Lead author Dr Graeme Bourdôt says researchers can now use this new model for accurate economic analyses for Californian thistle at various scales.
“We applied the model at the national scale, scaling it using farmer estimates of peak whole-farm cover to derive mean monthly covers, and then mean annual percentage covers of the weed for dairy, beef, sheep/beef, sheep and deer farms.

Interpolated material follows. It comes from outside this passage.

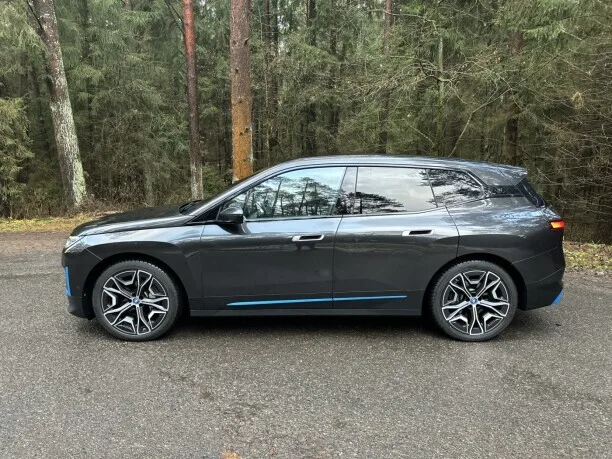 BMW iX 2022 — миниатюра 5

The percentage of pasture lost, in combination with 2011-12 farm statistics, revealed that Californian thistle caused a national loss in pastoral farm gross revenue in 2011-12 of $685million ($446m dairy, $233m sheep/beef, $6m deer).
Dr Bourdôt says that at the scale of a particular farm, in conjunction with a single point-in-time estimate of the weed’s cover on the farm, the expected cover of the weed on for each month of the year can be determined.
“These estimates can then be used in a farm system model such as Farmax, to explore the impact of the thistle and compare the economics of alternative management methods.”
Dr Bourdôt says that previous estimates of economic cost of California thistle (and of pasture weeds in general) have been based on either anecdote or single point-in-time estimates of the weed’s occupancy that do not account for the seasonal dynamics of the weed in a pasture nor the changing feed value of the pasture over the year.